Futures on Wall Street suggested that stocks would fall when markets open, with the S&P 500 set to drop 2.3 percent. That would more than reverse the rise on Wednesday, when the market rallied after the Federal Reserve announced its largest rate increase in decades, a sign that it was prepared to inflict some economic pain to get prices under control. Wednesday’s rise broke a streak of five daily losses, but U.S. stocks appear poised to resume their decline, slipping further into a bear market.

Jerome H. Powell, the Fed chair, stressed that inducing a recession was not part of the plan, but economists are skeptical. Analysts at Bank of America said the Fed was forecasting an “implausibly soft landing” for the economy, while their counterparts at Deutsche Bank called the central bank “overly optimistic” in its thinking that it can tame inflation without causing a recession.

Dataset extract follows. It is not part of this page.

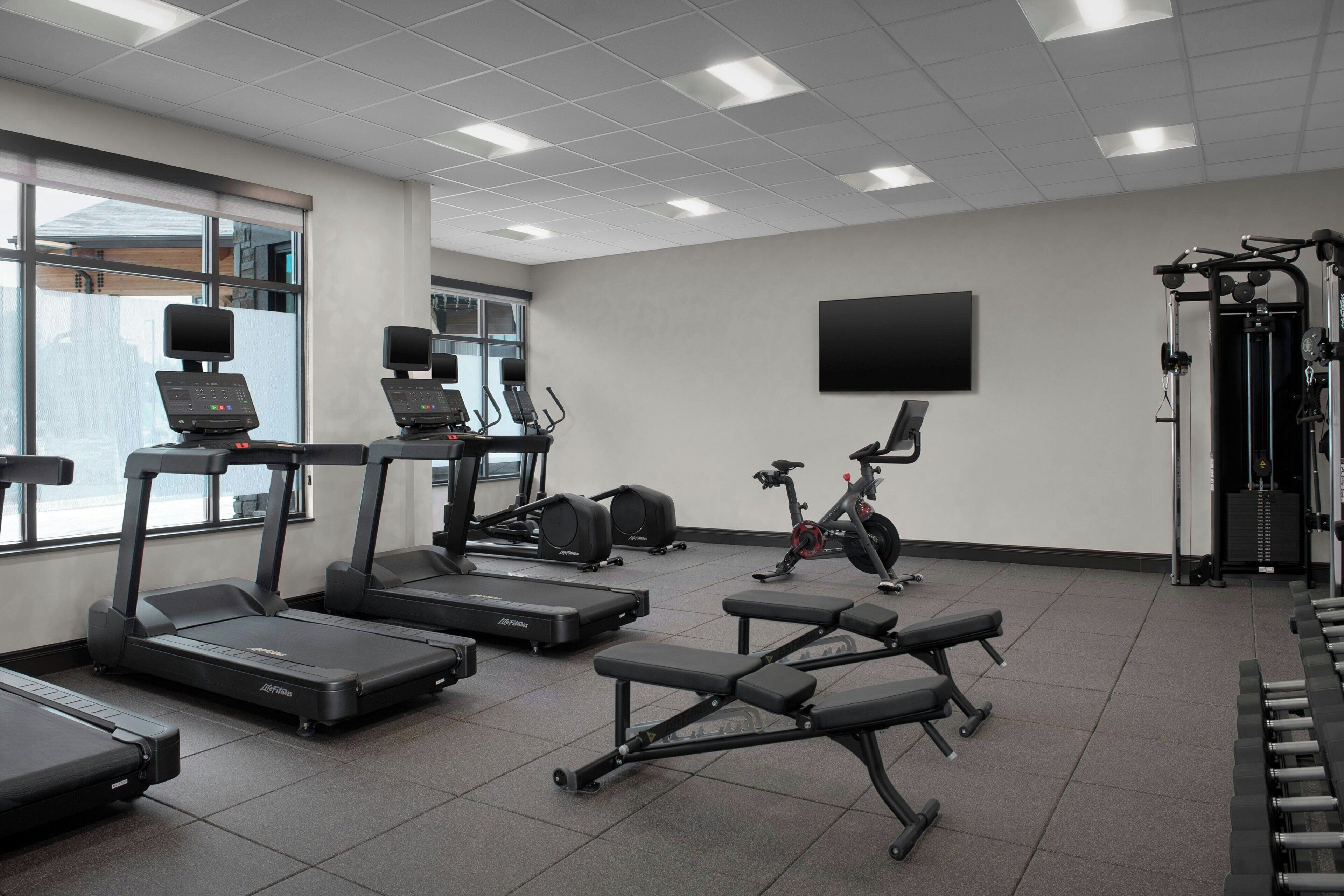 A gym with treadmills, a stationary bike, and weight benches.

Government bond yields, a measure of borrowing costs, fell after the Fed suggested that it wouldn’t make a habit of supersized rate increases, but jumped back up in early trading on Thursday, with traders betting that rates would need to rise much higher to deal with persistent inflation. The 2-year Treasury note traded at 3.38 percent, about a half-point higher than just a week ago.

In Europe, the Stoxx 600 index fell 2 percent in early trading, putting it on track for its seventh decline in eight days. The fall reversed all of the gain the day before, after the European Central Bank called an unscheduled meeting to address growing concerns about “fragmentation” of markets in the eurozone.

On Thursday, Switzerland’s central bank raised its interest rate for the first time in 15 years, a more aggressive move than many expected — the country’s benchmark stock index, the SMI, fell 2.6 percent. Investors also prepared for the Bank of England to announce the latest in a series of rate increases, with the FTSE 100 down more than 2 percent.

Stocks in Asia closed mixed, with Japan’s Nikkei 225 up 0.4 percent, Korea’s KOSPI gaining 0.2 percent and Hong Kong’s Hang Seng losing more than 2 percent.